▶ ACTION ITEM:
A word-for-word copy of the lines from the one holding "Marrakech: Atlas Mountains" through the final line of the records below is the only output asked for.
BEGIN THE RECORDS
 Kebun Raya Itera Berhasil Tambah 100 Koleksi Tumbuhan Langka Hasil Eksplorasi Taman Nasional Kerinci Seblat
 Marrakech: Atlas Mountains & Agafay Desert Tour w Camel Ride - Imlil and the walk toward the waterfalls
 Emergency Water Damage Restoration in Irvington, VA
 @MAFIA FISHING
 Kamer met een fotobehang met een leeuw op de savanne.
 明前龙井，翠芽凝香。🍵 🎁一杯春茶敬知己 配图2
END THE RECORDS
▶ EXERCISE SOLUTION:
 Marrakech: Atlas Mountains & Agafay Desert Tour w Camel Ride - Imlil and the walk toward the waterfalls
 Emergency Water Damage Restoration in Irvington, VA
 @MAFIA FISHING
 Kamer met een fotobehang met een leeuw op de savanne.
 明前龙井，翠芽凝香。🍵 🎁一杯春茶敬知己 配图2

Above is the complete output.